For most, 2018 was a very robust year in terms of business growth and shipping. According to the
Commerce Department, the gross domestic product (GDP) reached a 3.5 percent annualized rate in the third quarter. Driven by the Trump administration’s $1.5 trillion tax cut package, businesses took advantage of increased consumer spending to make investments over the course of the year.
2018 DEMAND MET WITH TRUCKING ROADBLOCKS
The chief concern for shippers in 2018 was the ever-increasing challenge of diminishing freight capacity. For several years now, long haul trucking capacity has been the primary culprit behind shipper woes. Compounded by the continuing shortage of professional over-the road-drivers and increasing regulations within the transportation industry, long-term relief appears to be elusive.

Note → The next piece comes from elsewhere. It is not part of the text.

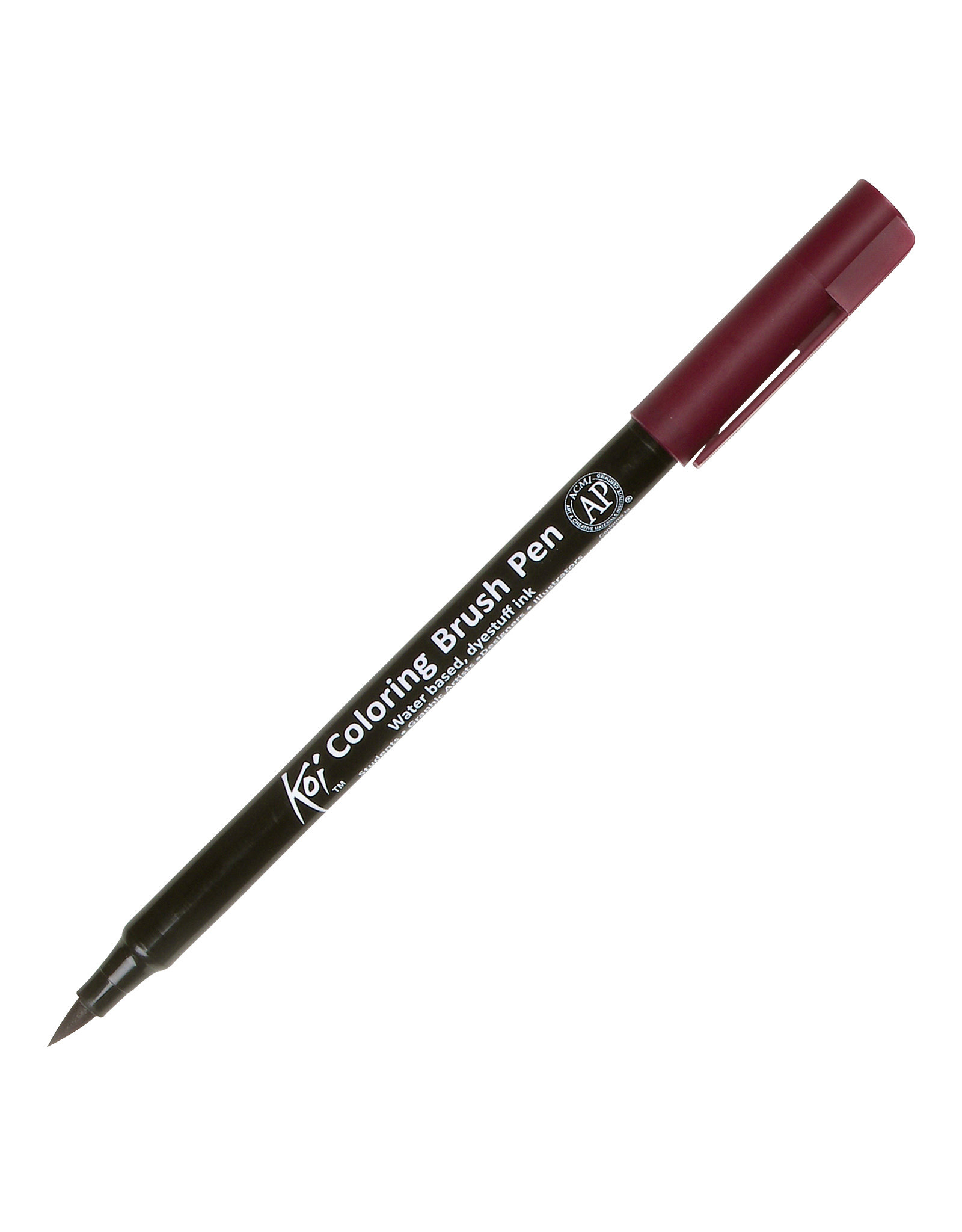 Sakura Koi Watercolor Markers, Burgundy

When we asked shippers about service challenges in 2018, more than a quarter encountered issues with capacity. This marked close to a 7 percentage point increase over the previous year’s results – more than double the results from 2016.
Another area of supply chain management that was impacted by capacity were shipping rates. When supply can’t meet demand, rates tend to increase. Last year marked the largest jump in challenges with rate increases since we started the survey in 2015. Nearly half of all respondents said rate increases were an issue in 2018. This marked a 7.5 percentage point increase from the previous year.
WILL 2019 SEE AN ECONOMIC SLOWDOWN?
Markets have their peaks and valleys. If 2018 wasn’t a peak, it was certainly a high climb for businesses. This year, however, may mark the beginning of a slow descent from the high points that businesses saw in 2018.
Factors including sinking oil prices and higher interest rates have given economists a more subdued outlook for 2019. Less investment in business growth is expected throughout the year as more businesses seek to protect their 2018 gains.
Additionally, short-term uncertainty over the state of trade relations has only added to business anxieties
going into 2019. Toward the end of 2018, many businesses focused on increasing their imports to avoid increased duties on Chinese imports that are expected to go into effect in the first quarter of this year.
In terms of expected shipping volumes, our survey showed a 6.3 percentage point decrease in shippers that expect to move more freight in 2019 over 2018. The results nearly wiped away the ground that had been gained since our first survey in 2016.
In our 2017 survey, a little more than three-quarters of shippers predicted they would ship more in 2018. Despite this year’s sudden downturn in optimism, we should note that only slightly more shippers expect to move less freight this year. What’s more, rather than have a negative outlook, nearly a third of shippers see this year as being relatively stable.